■ **Your objective**
The entries below are to be given back exactly, with images excluded.
(Beginning of Records provided)
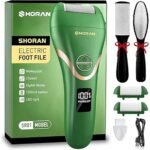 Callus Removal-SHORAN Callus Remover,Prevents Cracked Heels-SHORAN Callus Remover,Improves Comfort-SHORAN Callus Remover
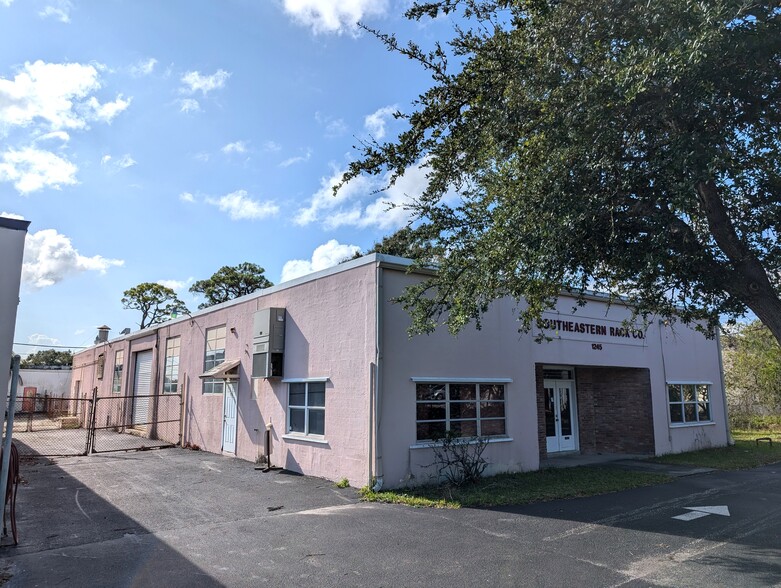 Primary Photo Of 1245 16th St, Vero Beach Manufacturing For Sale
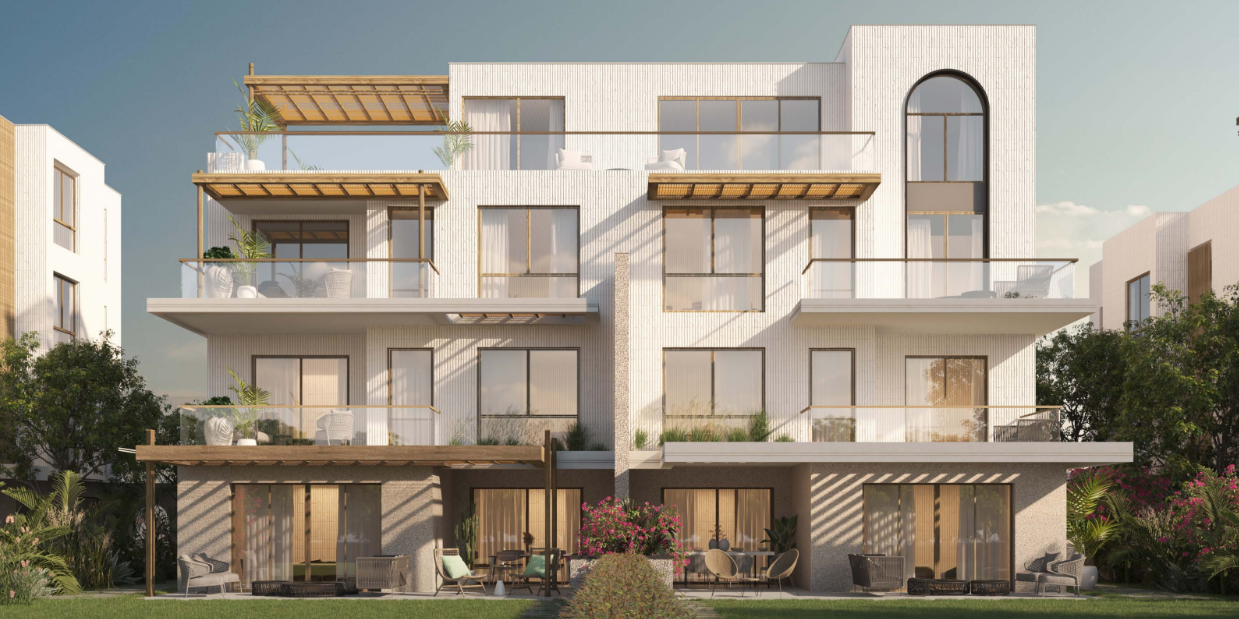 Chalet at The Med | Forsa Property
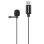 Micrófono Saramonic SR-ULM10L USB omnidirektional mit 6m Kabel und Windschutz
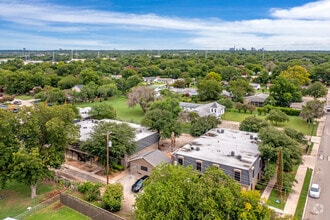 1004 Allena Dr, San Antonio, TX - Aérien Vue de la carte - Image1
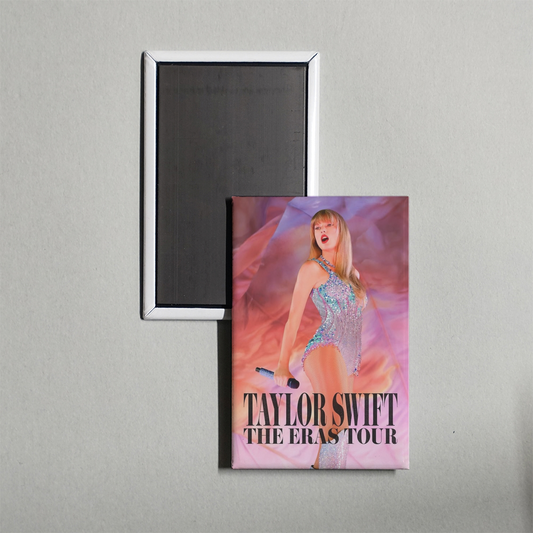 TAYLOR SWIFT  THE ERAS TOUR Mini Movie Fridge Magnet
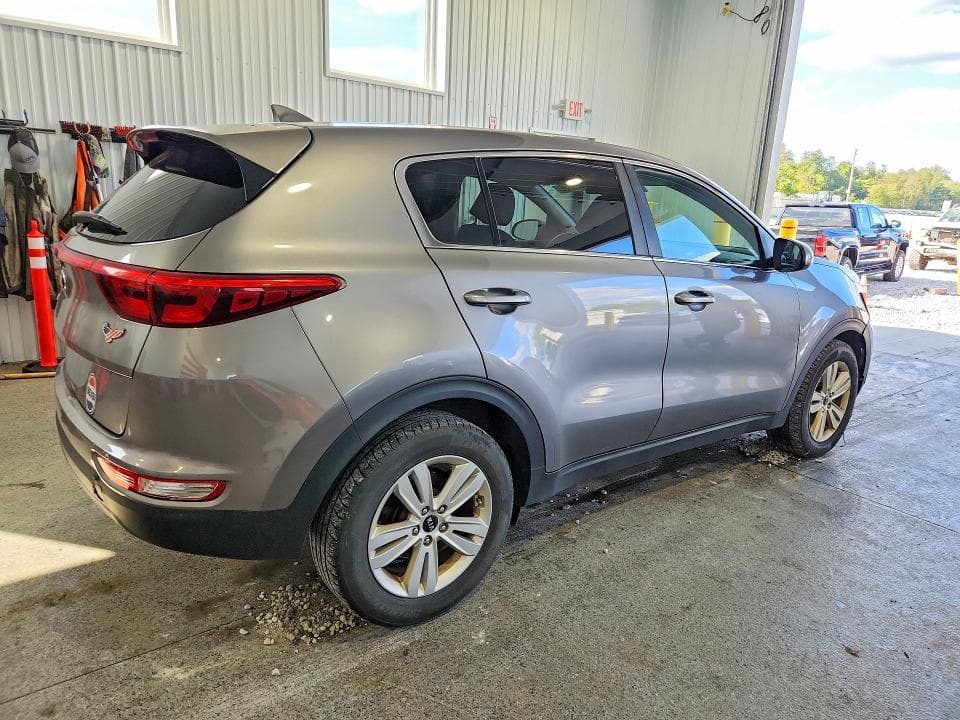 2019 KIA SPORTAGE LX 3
(End of Records provided)
■ **Written response**
 Callus Removal-SHORAN Callus Remover,Prevents Cracked Heels-SHORAN Callus Remover,Improves Comfort-SHORAN Callus Remover
 Primary Photo Of 1245 16th St, Vero Beach Manufacturing For Sale
 Chalet at The Med | Forsa Property
 Micrófono Saramonic SR-ULM10L USB omnidirektional mit 6m Kabel und Windschutz
 1004 Allena Dr, San Antonio, TX - Aérien Vue de la carte - Image1
 TAYLOR SWIFT  THE ERAS TOUR Mini Movie Fridge Magnet
 2019 KIA SPORTAGE LX 3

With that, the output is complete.